Electric Current
Electricity and Magnetism

Ritter and his “marriage”

Stories from Physics for 11-14 14-16 IOP RESOURCES

Johann Ritter is perhaps best known for his discovery, in 1801, of the rays that subsequently became known as ultraviolet radiation. However, his experiments with Voltaic piles (an early form of battery) are particularly curious.

A visitor to Ritter’s flat described “…a vile and dismal room in which everything possible: books, instruments, wine bottles – lay indiscriminately about”. Ritter “…was in an indescribably agitated state, full of sullen hostility. One after another he guzzled wine, coffee, beer, and every sort of drink.” The events that led to the scientist’s dishevelled state are a warning of the dangers of scientific obsession.

Before constructing a large Voltaic pile, Ritter wrote in a letter to his publisher that: “Tomorrow I marry i.e., my battery.” The comment was a warning of Ritter’s unhealthy dedication to research.
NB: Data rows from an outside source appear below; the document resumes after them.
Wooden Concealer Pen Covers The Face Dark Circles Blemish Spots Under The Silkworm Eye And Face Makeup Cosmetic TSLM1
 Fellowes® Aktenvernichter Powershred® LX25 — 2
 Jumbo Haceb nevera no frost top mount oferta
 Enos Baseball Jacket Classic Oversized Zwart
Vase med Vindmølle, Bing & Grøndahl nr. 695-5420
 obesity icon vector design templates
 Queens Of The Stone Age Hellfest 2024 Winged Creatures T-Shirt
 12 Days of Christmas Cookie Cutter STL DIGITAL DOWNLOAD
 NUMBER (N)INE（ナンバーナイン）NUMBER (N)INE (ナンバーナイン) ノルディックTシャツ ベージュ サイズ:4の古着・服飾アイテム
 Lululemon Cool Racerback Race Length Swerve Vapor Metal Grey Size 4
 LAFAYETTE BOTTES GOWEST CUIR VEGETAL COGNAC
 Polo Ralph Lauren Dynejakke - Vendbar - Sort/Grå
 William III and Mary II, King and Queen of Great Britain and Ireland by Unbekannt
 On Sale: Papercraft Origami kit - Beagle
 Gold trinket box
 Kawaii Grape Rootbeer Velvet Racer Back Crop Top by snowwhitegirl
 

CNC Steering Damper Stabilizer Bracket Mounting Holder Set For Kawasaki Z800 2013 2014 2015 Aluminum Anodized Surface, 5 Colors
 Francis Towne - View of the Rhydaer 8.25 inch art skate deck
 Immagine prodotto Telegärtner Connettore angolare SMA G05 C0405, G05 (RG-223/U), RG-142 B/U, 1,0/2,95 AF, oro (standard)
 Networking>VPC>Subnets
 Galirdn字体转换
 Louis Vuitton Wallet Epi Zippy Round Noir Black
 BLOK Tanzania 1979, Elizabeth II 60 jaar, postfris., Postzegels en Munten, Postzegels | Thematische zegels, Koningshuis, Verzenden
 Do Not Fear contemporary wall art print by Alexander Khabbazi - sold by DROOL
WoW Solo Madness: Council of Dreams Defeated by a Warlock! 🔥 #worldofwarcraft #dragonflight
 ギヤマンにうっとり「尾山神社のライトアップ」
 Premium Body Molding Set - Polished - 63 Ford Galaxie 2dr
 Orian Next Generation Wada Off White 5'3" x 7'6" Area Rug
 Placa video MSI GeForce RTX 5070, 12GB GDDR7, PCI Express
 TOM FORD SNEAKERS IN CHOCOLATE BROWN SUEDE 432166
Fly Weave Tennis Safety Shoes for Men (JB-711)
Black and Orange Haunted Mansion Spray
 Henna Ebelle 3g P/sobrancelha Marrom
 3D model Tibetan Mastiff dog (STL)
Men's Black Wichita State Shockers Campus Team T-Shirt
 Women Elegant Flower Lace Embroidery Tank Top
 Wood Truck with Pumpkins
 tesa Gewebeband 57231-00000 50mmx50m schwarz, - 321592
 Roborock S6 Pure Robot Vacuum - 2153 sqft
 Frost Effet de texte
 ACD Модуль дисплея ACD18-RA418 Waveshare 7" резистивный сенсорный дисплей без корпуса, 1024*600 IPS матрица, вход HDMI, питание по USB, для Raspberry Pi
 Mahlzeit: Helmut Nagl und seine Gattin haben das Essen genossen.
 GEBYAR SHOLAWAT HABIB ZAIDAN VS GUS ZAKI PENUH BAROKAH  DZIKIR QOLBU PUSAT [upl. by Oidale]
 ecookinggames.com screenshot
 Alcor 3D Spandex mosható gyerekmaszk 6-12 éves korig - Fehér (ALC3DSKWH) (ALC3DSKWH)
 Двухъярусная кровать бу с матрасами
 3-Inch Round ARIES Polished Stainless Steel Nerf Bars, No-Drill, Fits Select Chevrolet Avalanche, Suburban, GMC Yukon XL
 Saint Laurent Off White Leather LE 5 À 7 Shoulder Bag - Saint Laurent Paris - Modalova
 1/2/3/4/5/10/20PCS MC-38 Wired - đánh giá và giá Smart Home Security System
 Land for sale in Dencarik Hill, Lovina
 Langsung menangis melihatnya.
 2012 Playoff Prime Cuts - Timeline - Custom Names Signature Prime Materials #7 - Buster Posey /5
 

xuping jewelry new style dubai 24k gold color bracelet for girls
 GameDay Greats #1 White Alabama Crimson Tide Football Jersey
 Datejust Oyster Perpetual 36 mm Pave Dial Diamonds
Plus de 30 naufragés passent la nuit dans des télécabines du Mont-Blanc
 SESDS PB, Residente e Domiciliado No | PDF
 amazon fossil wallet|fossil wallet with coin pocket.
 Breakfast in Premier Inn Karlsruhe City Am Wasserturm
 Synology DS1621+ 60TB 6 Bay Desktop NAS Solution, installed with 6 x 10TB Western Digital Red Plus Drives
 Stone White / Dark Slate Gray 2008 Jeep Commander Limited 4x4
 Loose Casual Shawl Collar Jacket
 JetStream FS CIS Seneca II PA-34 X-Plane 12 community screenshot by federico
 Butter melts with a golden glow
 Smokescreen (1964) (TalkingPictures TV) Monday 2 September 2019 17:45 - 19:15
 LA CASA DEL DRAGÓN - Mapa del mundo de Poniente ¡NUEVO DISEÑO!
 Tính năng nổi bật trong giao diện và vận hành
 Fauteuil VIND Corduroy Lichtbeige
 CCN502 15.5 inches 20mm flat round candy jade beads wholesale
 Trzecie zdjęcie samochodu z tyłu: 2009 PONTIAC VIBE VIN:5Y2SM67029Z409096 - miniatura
Ritter began to experiment with the effects of the Voltaic pile on his body and discovered it could produce sounds in his ears, colours in his eyes, sensations of hot and cold in his fingers and sneezing fits. Subsequently, he reported that he tested the effects of current on his “organs of reproduction” and “organs of evacuation”. His experiments became more extreme. Ritter studied the effects of remaining connected to a pile for an hour and noted a “dullness in all his limbs” that lasted over a week.

In addition to these experiments, Ritter described the effects of pinning back an eyelid and staring at the Sun: “I have in each eye a place which has no more sense for black and white, and which sees colours reversed: red, blue and blue, yellow or red.”

Ritter died aged just 33. It is impossible to know whether his death resulted directly from his experiments or from the alcohol and opium he took to mitigate the symptoms caused by his dangerous research.